A landlord is obligated to make good faith efforts to accommodate the tenant’s disability when the landlord knows or should have known that the tenant has a hoarding disability. Reasonable accommodation must be made prior to a landlord taking other measures such as termination of tenancy. The tenant must be allowed opportunity to cure the breach and remain in residence. Most often the reasonable accommodation is an extension of time for the tenant to restore the rental unit to habitability standards, building codes, and lease terms and conditions. The extension of time may also allow the tenant to work with appropriate agency and mental health services for counseling and support of a hoarding disability.

A reasonable accommodation plan to address the issue of hoarding behaviors is a plan of cooperation and collaboration between the landlord, tenant, family members, friends, mental health professionals, social workers, and other advocates to assist and support the tenant in efforts to achieve lease compliance and retain tenancy. The accommodation plan is a tool to hold the tenant accountable for compliance and serves to document the landlord’s good faith effort to accommodate the disability of the tenant.
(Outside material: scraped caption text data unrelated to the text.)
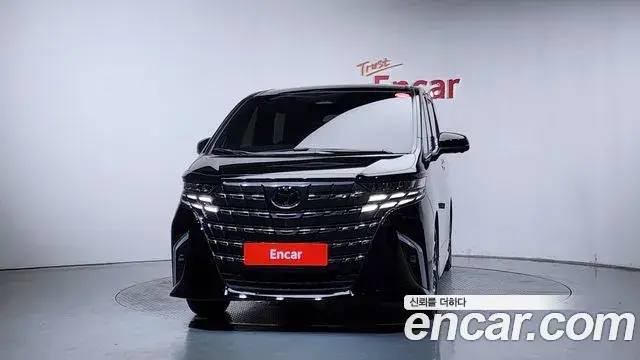 Toyota Alphard 2024 — ფოტო 19/40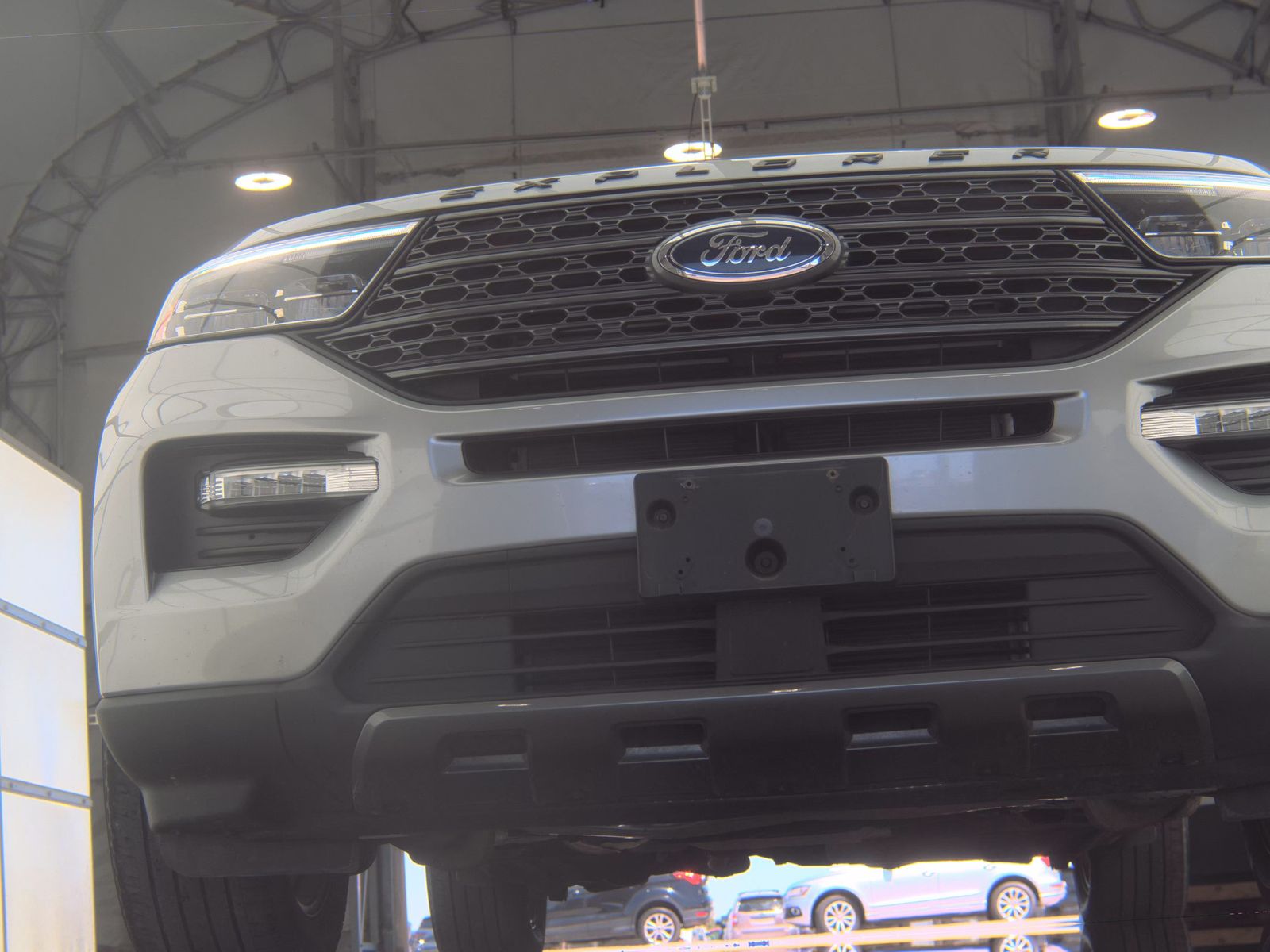 FORD EXPLORER - 4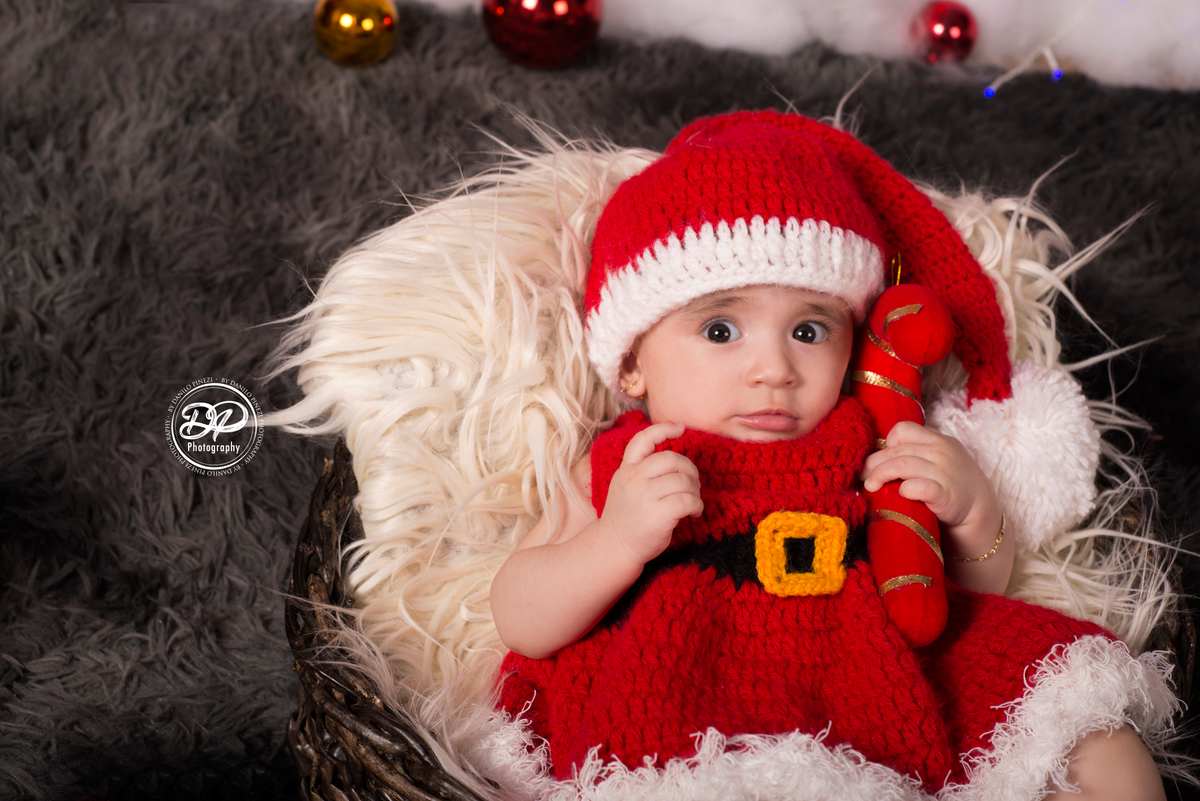 Ensaio Família de Natal, ensaio de irmãos de Natal feito no estúdio Danilo Pinezi Fotografia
The accommodation plan could include action steps such as:

  • Meeting with the tenant to identify health and safety issues in the unit;
  • Establishing goals and timelines with the tenant that will address the health and safety issues;
  • Setting specific dates or intervals for the re-inspection of the unit to monitor compliance;
  • Documenting the goals, timelines and re-inspections in a written agreement jointly signed by tenant and landlord;
  • Providing the tenant with information of community resources that provide assistance for hoarding issues;
  • Partnering with fair housing and mental health advocacy groups or other professional services who could assist the tenant in developing a workable remediation plan; and
  • Extending the timeframe for compliance to provide the tenant with opportunity to address the health and safety issues and retain the tenancy.

Hoarding disorders have a high rate of recidivism and landlords should be prepared that a tenant may re-hoard in the future. A reasonable accommodation could again be requested but may be denied if the circumstances present an unreasonable burden on the landlord. An accommodation plan of action agreed to by landlord and tenant should provide for periodic property inspections once the tenant has corrected the health and safety issues documented in the plan of action. The plan should include the contingency for specific timeframes for correction of any future health and safety issues identified during re-inspection.

It is possible a reasonable accommodation request could be denied on the grounds that an accommodation would not eliminate or adequately mitigate health and safety issues and that termination of tenancy should be done. The denial could be for situations wherein the tenant’s behavior poses a clear, direct, immediate threat to the health and safety of other residents, the landlord and rental staff, or service providers; the tenant’s behavior causes substantial property damage; or the tenant will not cooperate in the reasonable accommodation process to bring the unit into compliance.

Depending upon applicable laws, the facts of the matter, such as the material violations of the lease, the tenant’s degree of cooperation in remediation, or the failure of multiple efforts to cure the breach, it may be necessary to consult with legal counsel regarding termination of the lease and eviction of the tenant hoarder through court order.

Landlords should be prepared with a policy and practices regarding compliance procedures for handling a situation of tenant hoarding. Hoarding is a disability, protected by fair housing law, and when discovered, landlords are required to offer reasonable accommodations to residents with hoarding issues to remediate the problem. However, landlords are not required to tolerate dangerous conditions for residents, staff, or rental property. If the situation cannot be remedied by a reasonable accommodation, termination of tenancy may be the appropriate measure to be taken.